VIVAnews - Penetapan mantan Ketua Umum Partai Demokrat Anas Urbaningrum kerap ditarik-tarik ke ranah politik. KPK menegaskan, tak ada politisasi atau intervensi dalam kasus Hambalang.

"Jangan kaitkan kasus AU dengan politik. Penetapan AU sebagai tersangka berdasarkan dua alat bukti yang cukup," kata juru bicara KPK Johan Budi SP kepada VIVAnews, Rabu 27 Februari 2013.

Anas pun menyatakan ada intervensi dalam kasus yang melilitnya, proyek Rp2,5 triliun di Hambalang, Bogor. Dalam pidato saat mundur dari jabatan Ketua Umum Partai Demokrat, Anas menyatakan, penetapan dirinya sebagai tersangka bukan akhir dari segalanya. Justru ini adalah permulaan. "Saya nyatakan adalah halaman pertama.
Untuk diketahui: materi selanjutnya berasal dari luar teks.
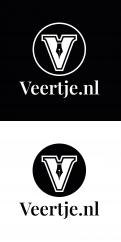 Logo # 1273493 voor Ontwerp mijn logo met beeldmerk voor Veertje nl  een ’write design’ website  wedstrijd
Masih banyak halaman berikutnya yang akan kita buka dan baca bersama," kata Anas saat itu.
Sahabat Anas sesama kader HMI, politisi Hanura Yuddy Chrisnandi, mengatakan, “Soal Century itu termasuk dalam ‘halaman berikutnya’ yang dimaksud Anas dalam pidatonya.”
KPK pun berharap Anas memberikan informasi yang dia ketahui kepada penyidik. "Kami tunggu dari saudara AU. Sampaikan saja halaman 1, halaman 2, dan seterusnya kepada KPK untuk ditindaklanjuti," kata Johan.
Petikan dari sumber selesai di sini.